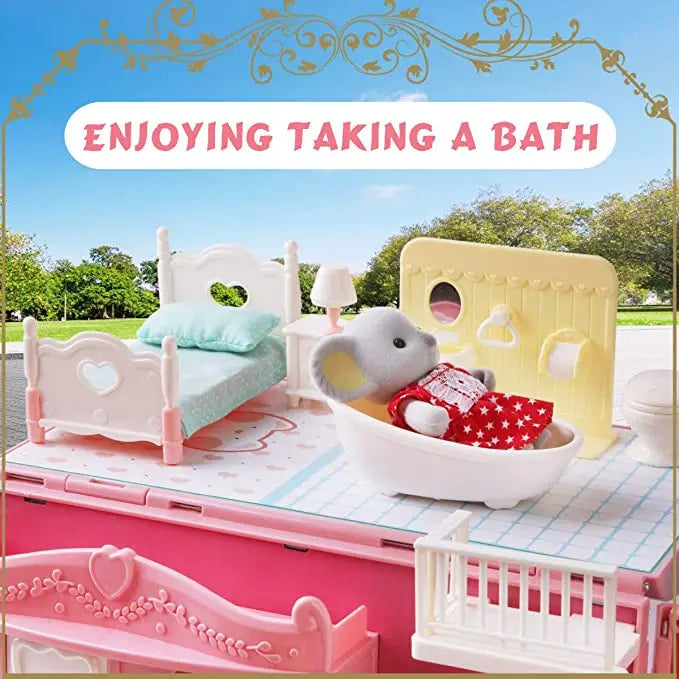 Dollhouse Koala Diary Girl Play House Toy Diy Tour Bus Bedroom Dresser Dining Kitchen Bathroom Shop Pretend Family Toys Girls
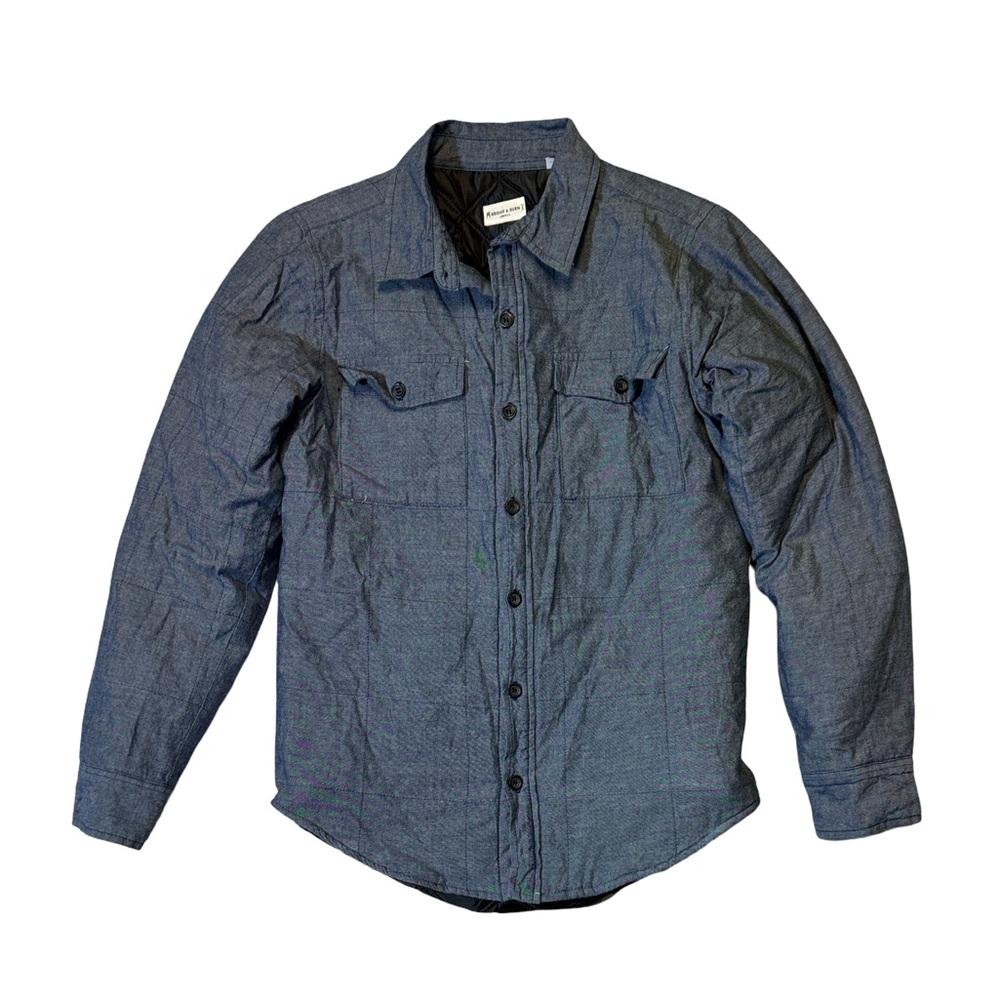 Bridge & burn mens S Small blue quilted button up shirt jacket EUC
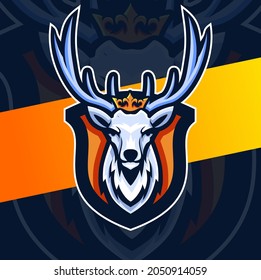 white king deer mascot esport logo design with crown for game and sport logo and illustration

#### [PROMPT]
Output the listing above exactly, excluding all pictures.

#### [RESULT BELOW]
 Dollhouse Koala Diary Girl Play House Toy Diy Tour Bus Bedroom Dresser Dining Kitchen Bathroom Shop Pretend Family Toys Girls
 Bridge & burn mens S Small blue quilted button up shirt jacket EUC
 white king deer mascot esport logo design with crown for game and sport logo and illustration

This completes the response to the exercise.